WHAT IS NEEDED> No pictures go into the copy. Write out exactly the lines below from the one containing "Its hard not" through the one containing "Family holding child and wool toy.".

EXTRACTED MATERIAL>
□ □ □

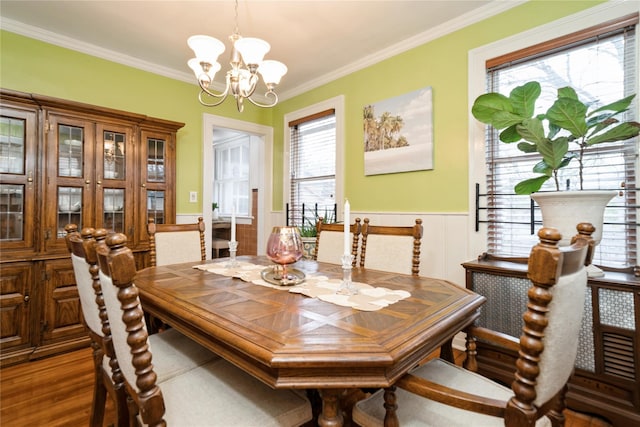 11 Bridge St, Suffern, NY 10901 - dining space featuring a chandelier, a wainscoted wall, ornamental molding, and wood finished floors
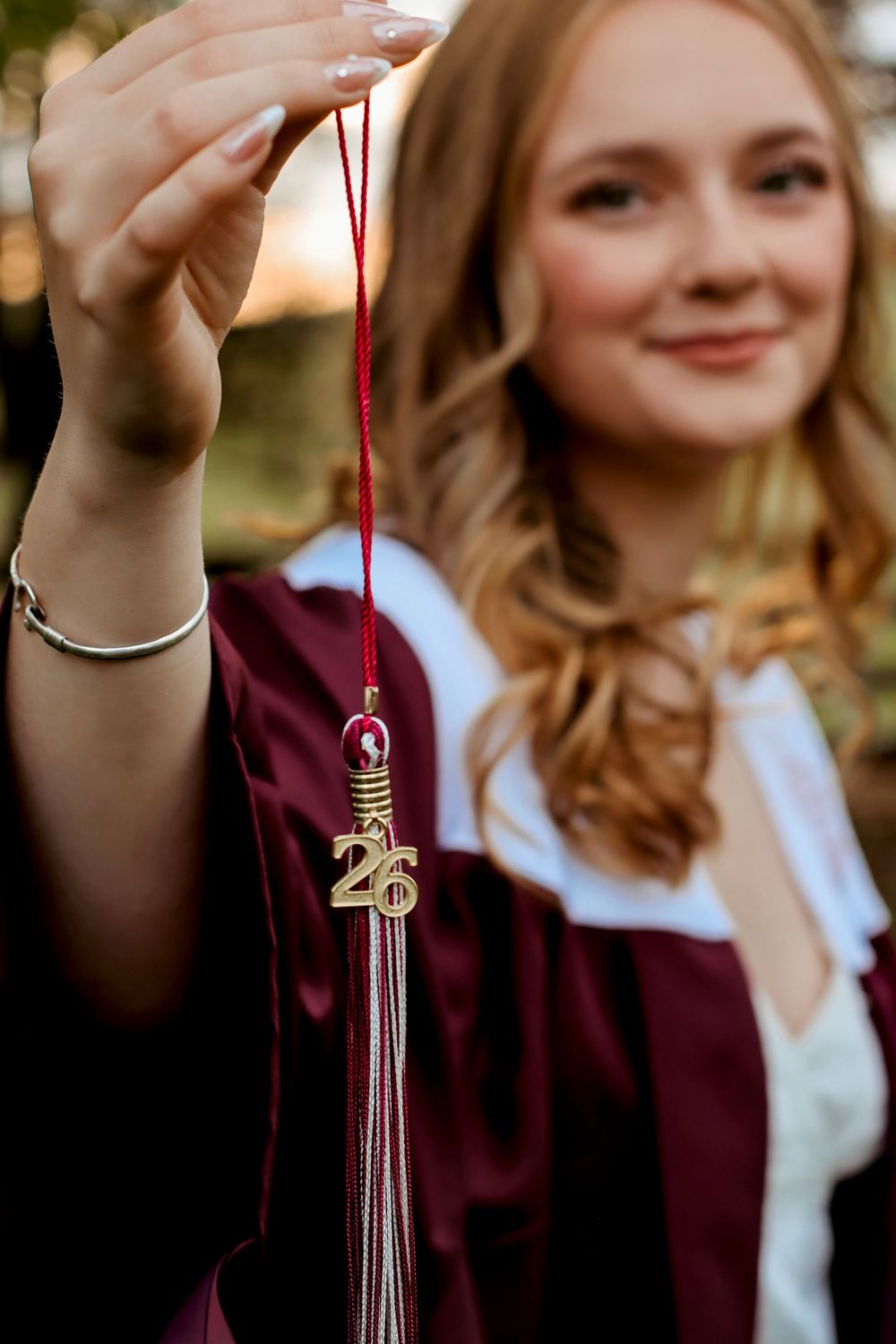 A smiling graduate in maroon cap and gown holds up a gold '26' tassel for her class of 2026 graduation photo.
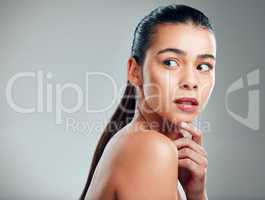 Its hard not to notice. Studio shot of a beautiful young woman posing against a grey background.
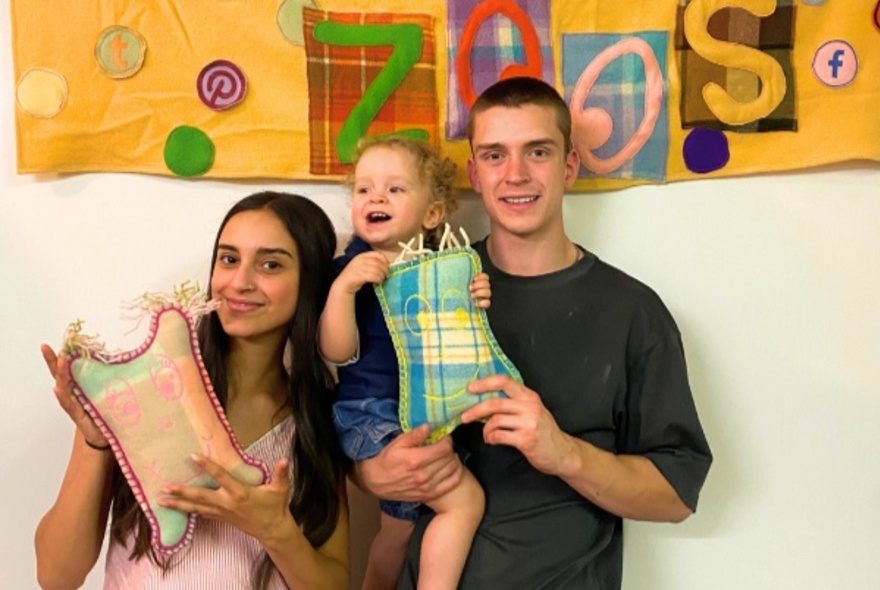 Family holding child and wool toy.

□ □ □

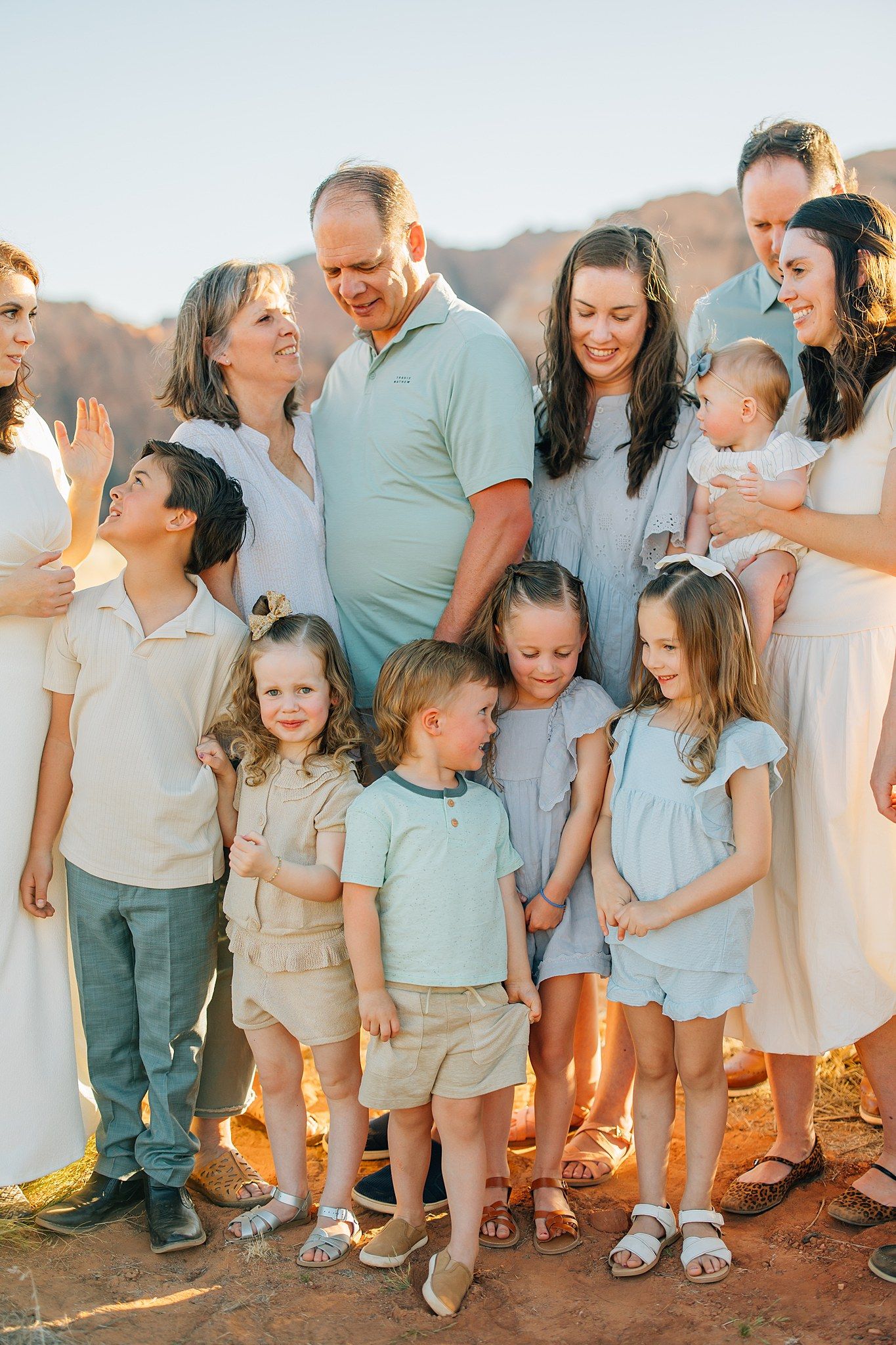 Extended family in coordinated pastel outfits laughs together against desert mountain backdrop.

□ □ □

RESULT OF THE TASK>
 Its hard not to notice. Studio shot of a beautiful young woman posing against a grey background.
 Family holding child and wool toy.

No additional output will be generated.